··· SOURCE RECORDS ···

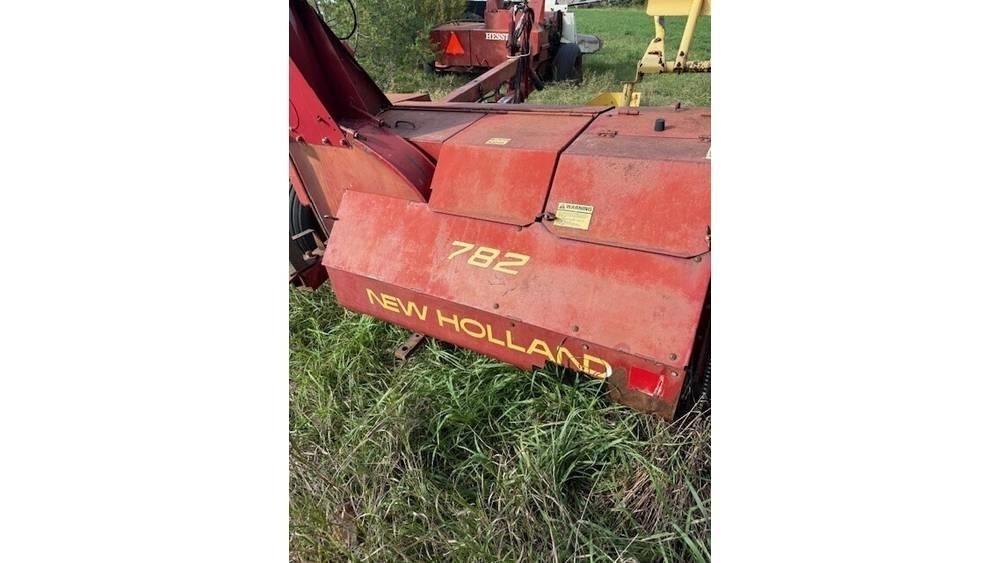 New Holland 782 Szecskázók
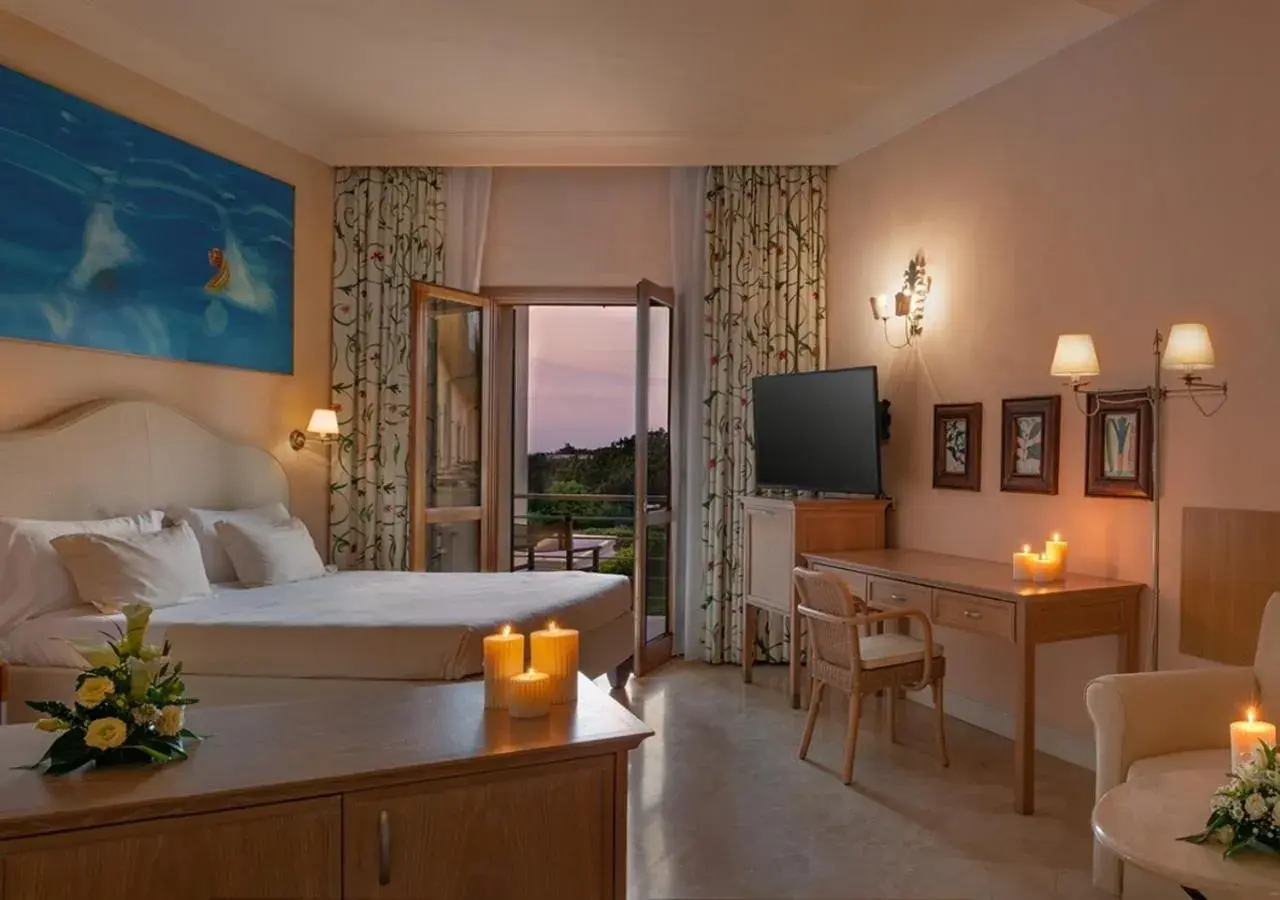 Superior Double or Twin Room with Partial Sea View in Tombolo Talasso Resort Superior Double or Twin Room with Partial Sea View in Tombolo Talasso Resort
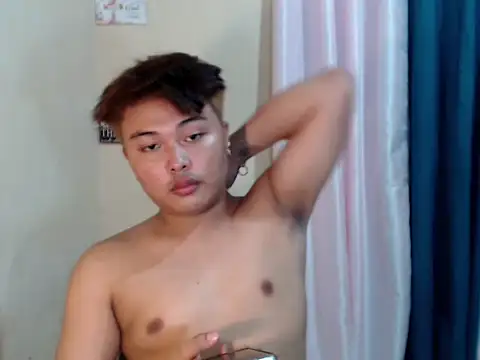 Snapshot of Lustfulljohnx chatting on 05.03.26 Lustfulljohnx online show from 05.03.26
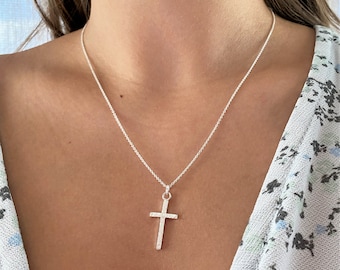 Colgante de cruz pequeña de plata martillada, collar de cruz cristiana, joyería religiosa minimalista moderna, regalo para mamá, collar con dije de cruz simple.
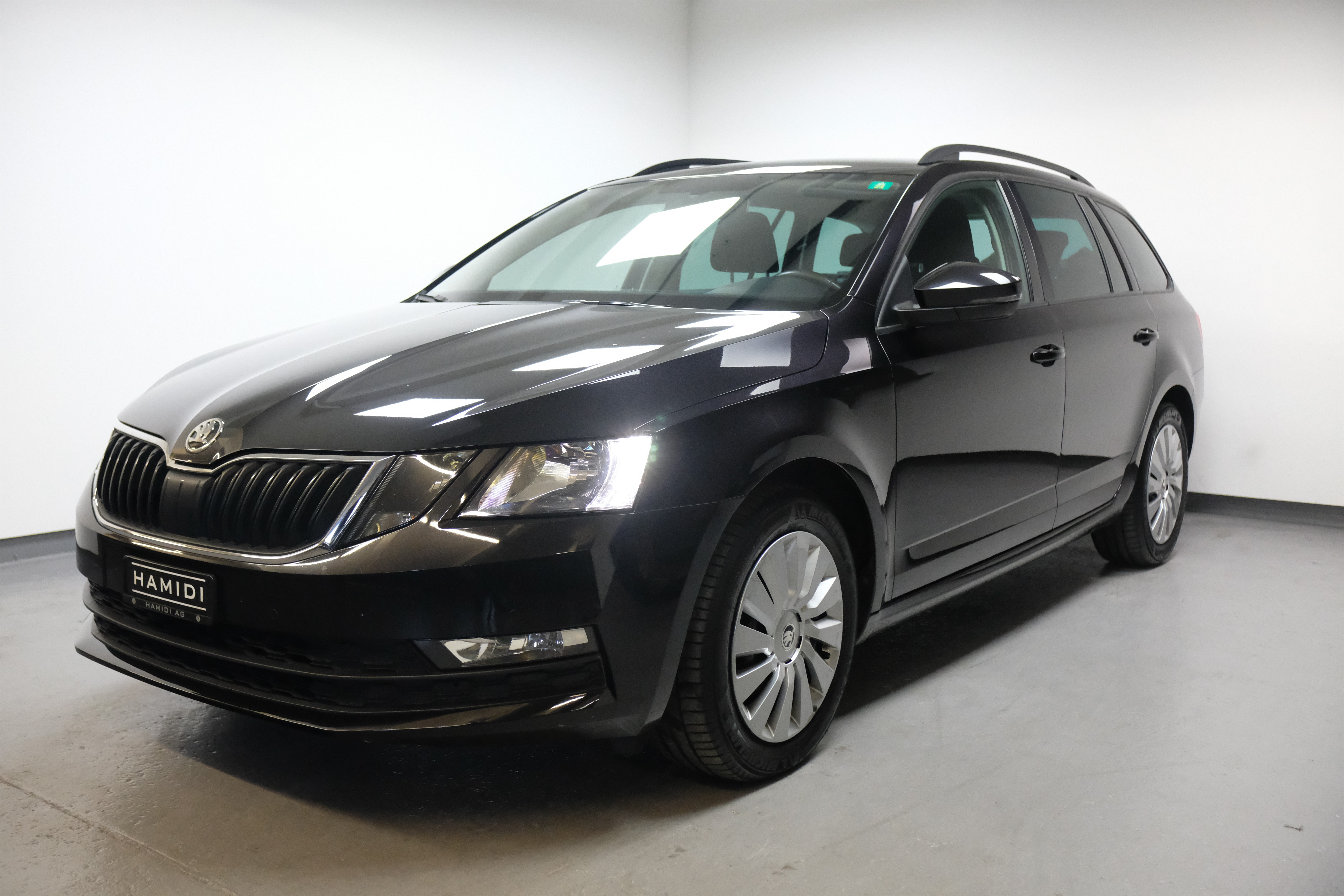 SKODA Octavia Combi 2.0 TDI Ambition DSG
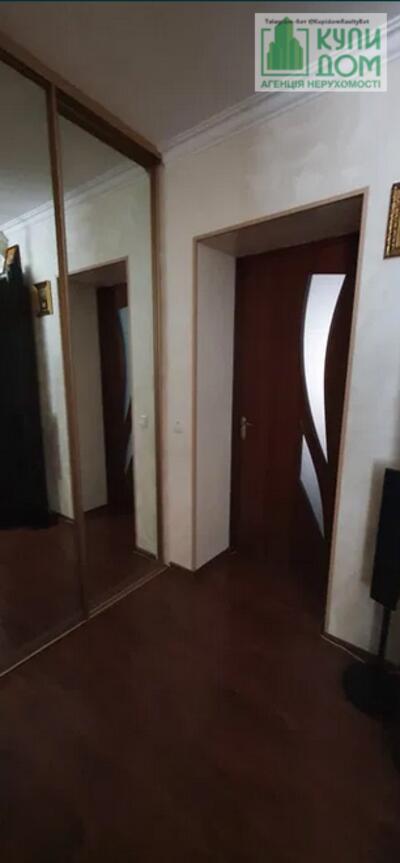 Продам трикімнатну квартиру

···

■ EXERCISE INSTRUCTIONS: Excluding the images, copy all of the material above verbatim.

■ RESPONSE TO THE TASK:
 New Holland 782 Szecskázók
 Superior Double or Twin Room with Partial Sea View in Tombolo Talasso Resort Superior Double or Twin Room with Partial Sea View in Tombolo Talasso Resort
 Snapshot of Lustfulljohnx chatting on 05.03.26 Lustfulljohnx online show from 05.03.26
 Colgante de cruz pequeña de plata martillada, collar de cruz cristiana, joyería religiosa minimalista moderna, regalo para mamá, collar con dije de cruz simple.
 SKODA Octavia Combi 2.0 TDI Ambition DSG
 Продам трикімнатну квартиру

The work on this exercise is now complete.